Understanding the percentage dissociation helps us determine the state and behavior of a compound in a chemical equilibrium. If the percentage dissociation is high, it means the reaction heavily favors the formation of products, leading to a different set of conditions in the reaction mixture.

Molar Mass Calculation

Molar mass is a crucial concept used to understand the properties of substances in chemistry. It denotes the mass of one mole of a substance, expressed in grams per mole (g/mol). Calculating the molar mass allows us to convert between the amount of substance and the mass. The molar mass of a molecule is determined by adding together the molar masses of the individual atoms that comprise it.

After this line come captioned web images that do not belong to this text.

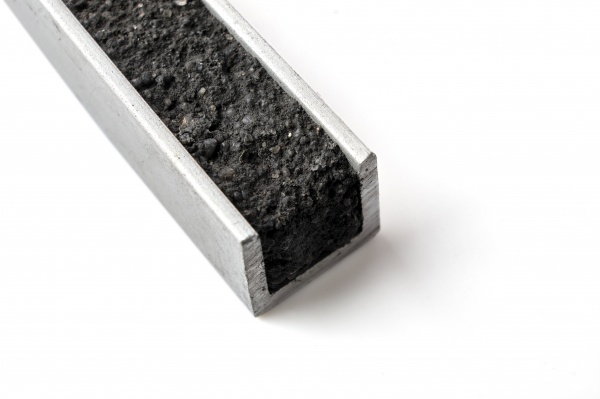 Заповнювач швів KLVIV MIX FUGA 5 кг сланець карбон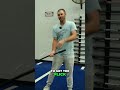 Rare sighting of Wesley dropping golden nuggets in the gym 💯 #DRVN #golf #golfswing #golffitness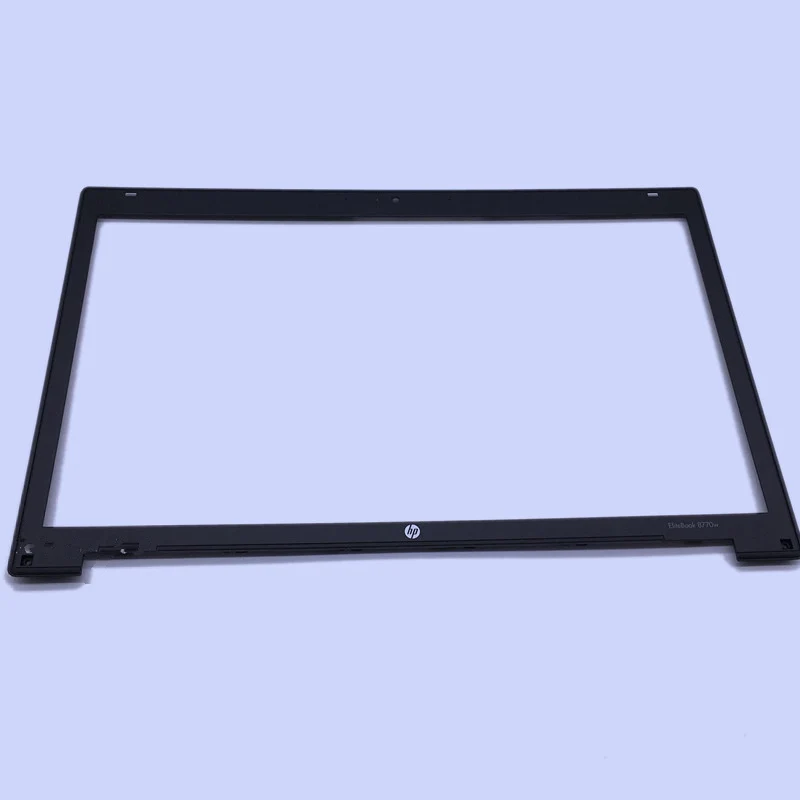 front bezel Ноутбук ЖК передняя рамка/подставка/нижний чехол для hp EliteBook 8760w 8770w 688763-001/652536-001/652535-001 - Цвет: front bezel
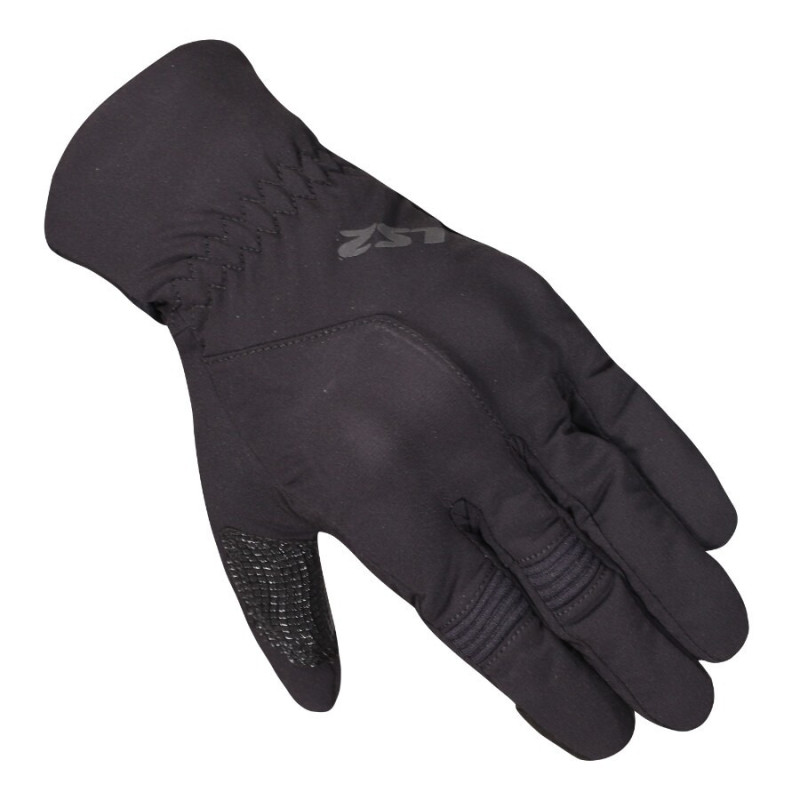 Guantes de moto mujer LS2 Urbs II negros Guantes de moto mujer LS2 Urbs II negros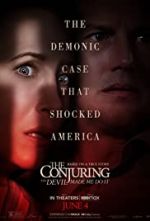 Watch The Conjuring: The Devil Made Me Do It Movie2k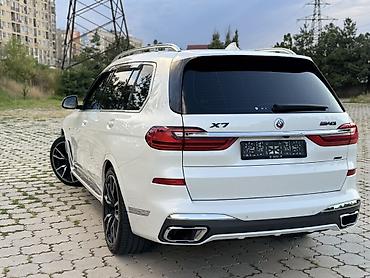 bmw e70: BMW X7: 2022 г., 3 л, Автомат, Бензин, Кроссовер — 6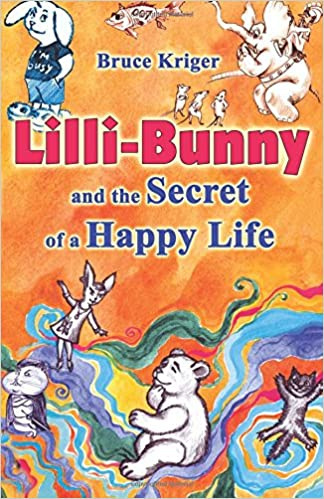 Аудиокнига Кригер Борис - Lilli-Bunny and the Secret of a Happy Life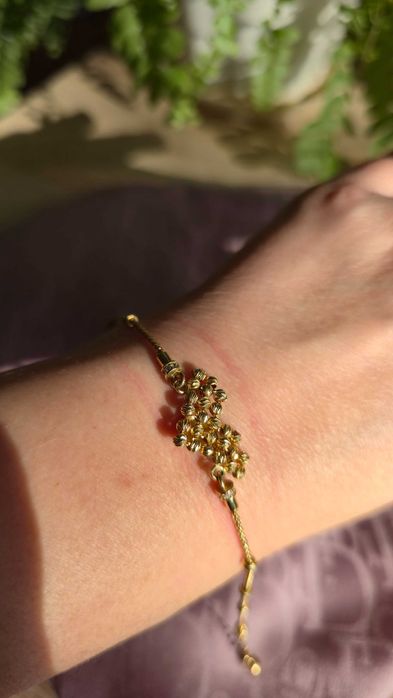 Продается золотой браслет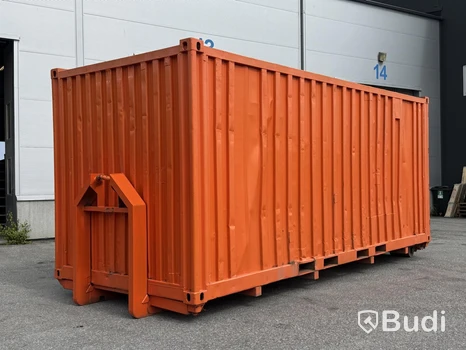 Containerflak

For instance, in the problem concerning \( \text{N}_2\text{O}_4 \), the molar mass is determined by calculating:

• The molar mass of nitrogen (\( \text{N} \)) is 14 g/mol.
• The molar mass of oxygen (\( \text{O} \)) is 16 g/mol.

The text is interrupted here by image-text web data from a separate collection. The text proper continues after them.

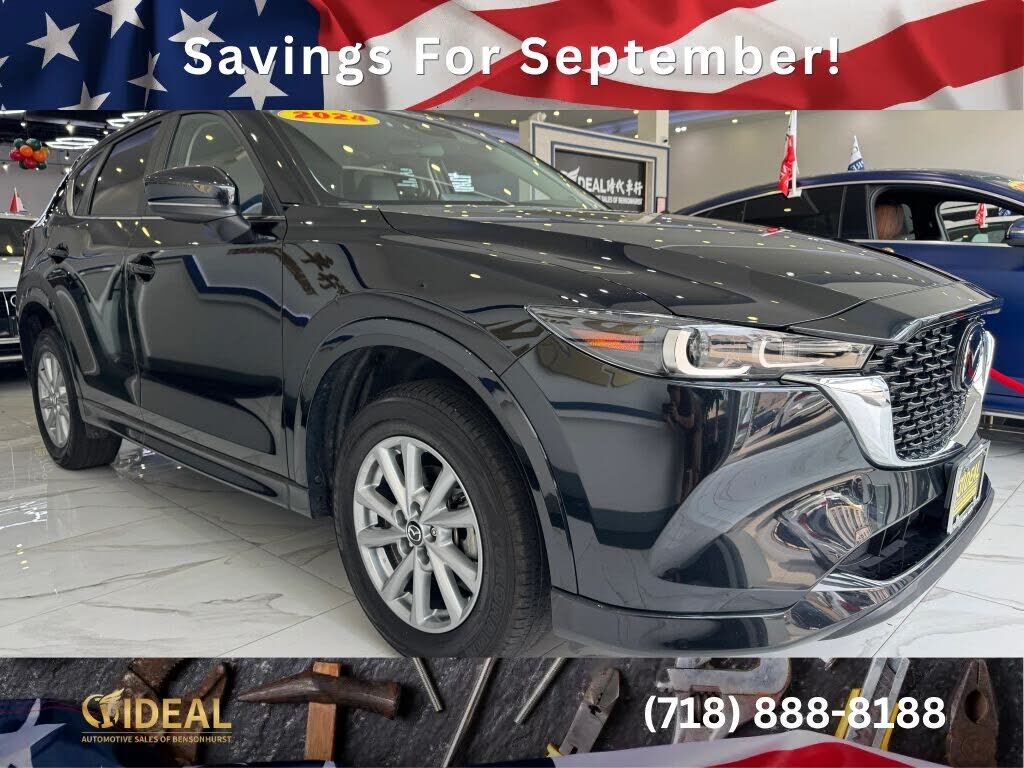 2024 MAZDA CX-5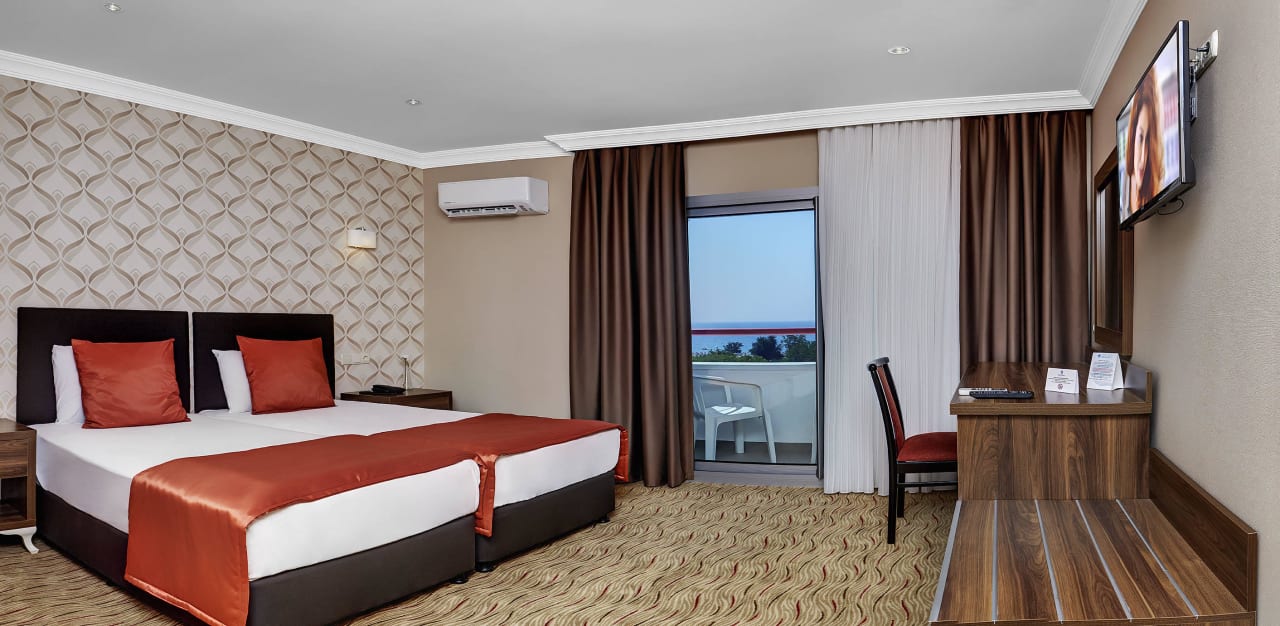 Superior Seaview  Hotel Billurcu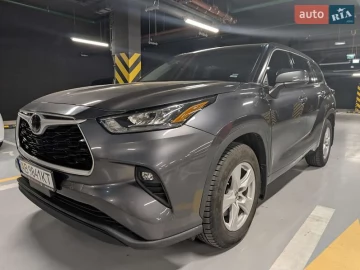 Авто Toyota Highlander 2020 № 7597332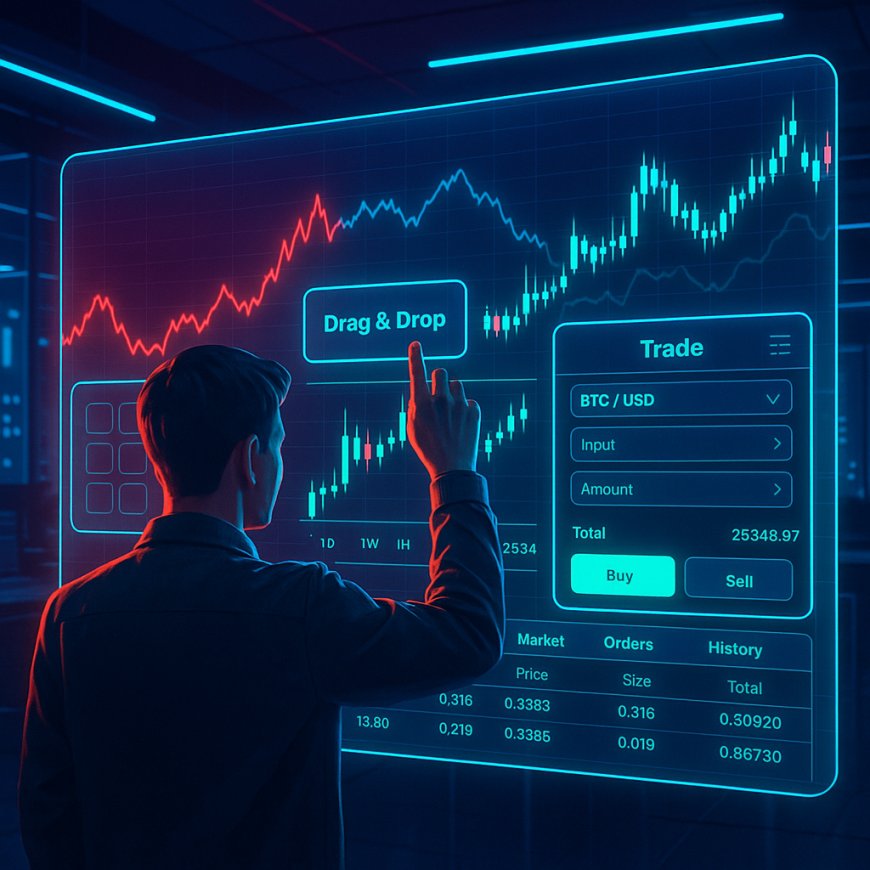 Jellydator Launches No-Code Platform Bringing Institutional-Grade Crypto Trading Tools to Retail Investors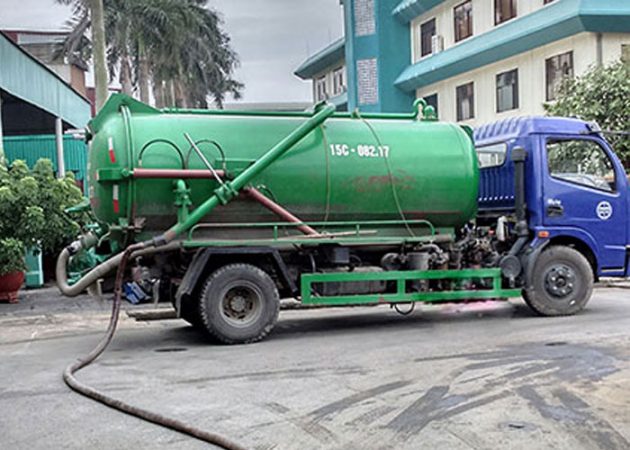 Hút hầm cầu tại thị xã Cai Lậy Tiền Giang hút hầm cầu ở thị xã Cai Lậy Tiền Giang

Since \( \text{N}_2\text{O}_4 \) consists of two nitrogen atoms and four oxygen atoms, the total molar mass can be calculated as:
\[ 2 \times 14 + 4 \times 16 = 92 \text{ g/mol} \]
Using the calculated molar mass, we can understand other properties, such as vapour density, and derive important information about the dissociation of the compound under different conditions. In this problem, the initial molar mass helps relate vapour density to dissociation, allowing further insights into the chemical behavior of \( \text{N}_2\text{O}_4 \).

Chemical Equilibrium

Chemical equilibrium refers to the state in a reversible chemical reaction where the rate of the forward reaction equals the rate of the backward reaction. In other words, the concentrations of reactants and products remain constant over time. For the dissociation of \( \text{N}_2\text{O}_4 \), the equilibrium can be depicted as:
\[ \text{N}_2\text{O}_4 \rightleftharpoons 2\text{NO}_2 \]
Initially, when the reaction starts, \( \text{N}_2\text{O}_4 \) begins to dissociate into \( \text{NO}_2 \). As \( \text{NO}_2 \) molecules form, they also react with each other to reform \( \text{N}_2\text{O}_4 \). At equilibrium, these two rates are equal.

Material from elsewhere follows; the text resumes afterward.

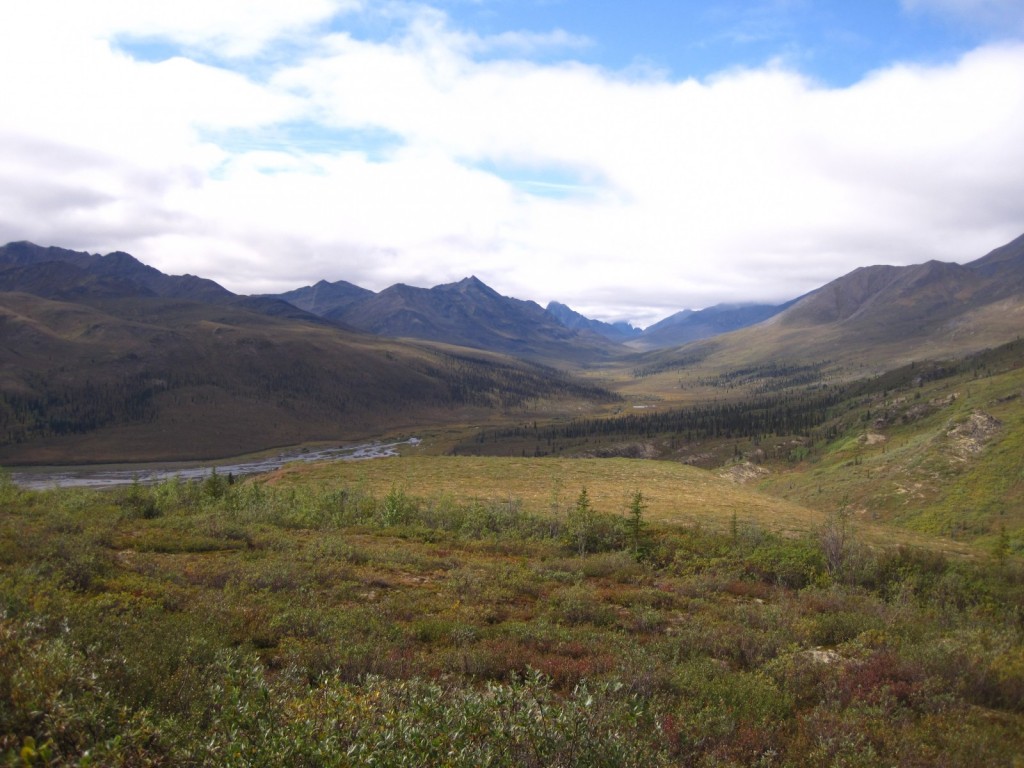 Imaggeo on Mondays: Tombstones Mountains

To analyze such a reaction, we consider the initial concentration of reactants and the change due to the reaction. Here, if \( x \) is the degree of dissociation, then at equilibrium the concentration of \( \text{N}_2\text{O}_4 \) would be \( 1-x \), and the concentration of \( \text{NO}_2 \) would be \( 2x \). The total number of moles, \( 1 + x \), leads to changes in the properties of the gaseous mixture, like vapour density.

Equilibrium is crucial for understanding the conditions under which reactions proceed. It helps in predicting the concentrations of products and reactants, assisting in the calculation of various properties like the degree of dissociation. Knowing the behavior at equilibrium enables adjustments in reaction conditions to achieve desired outcomes in chemical processes.